On June 16, 1906, unknown to each other, Leopold Bloom and Molly Bloom remember the picnic on the Hill of Howth when they agreed to marry sixteen years earlier. a popular park outside of Dublin. As part of her soliloquy in which Molly recalls the day, she remembers the seedcake, but Strick is disinterested in visualizing it. Better to show the lovers embracing in the grass. After all, this is a lover’s picnic without any picnic paraphernalia.
Bloom remembers Molly transferring a chewed seedcake into Leopold’s mouth. “Yum, “Leopold says, “Softly she gave me the seedcake warm and chewed in my mouth. Mawkish pulp her mouth had mumbled sweetsour of her spittle. Joy: I ate it: joy. Young life, her lips that gave me pouting.
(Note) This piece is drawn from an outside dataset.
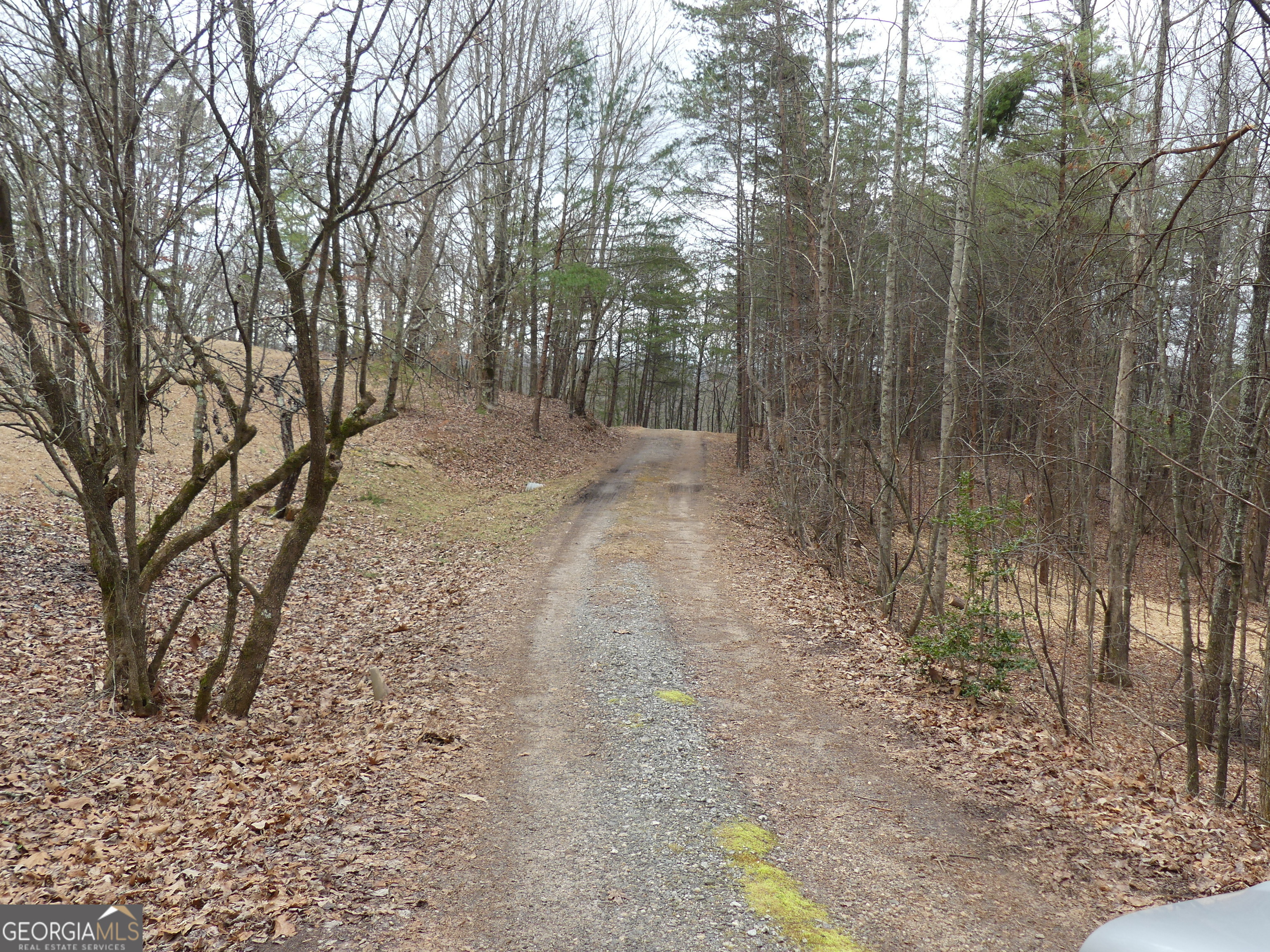 807 Satterfield Road Cleveland, GA 30528 - Photo 93 of 99 a view of a forest filled with trees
Soft warm sticky gumjelly lips.”
Molly remembers, “The sun shines for you he said the day we were lying among the rhododendrons on Howth head in the grey tweed suit and his straw hat the day,” Molly says, “I got him to propose to me yes first I gave him the bit of seedcake out of my mouth and it was leapyear like now yes 16 years ago my God after that long kiss I near lost my breath yes he said I was a flower of the mountain yes so we are flowers all a womans body yes that was one true thing he said in his life and the sun shines for you today yes that was why I liked him because I saw he understood or felt what a woman is and I knew I could always get round him and I gave him all the pleasure I could leading him on till he asked me to say yes…”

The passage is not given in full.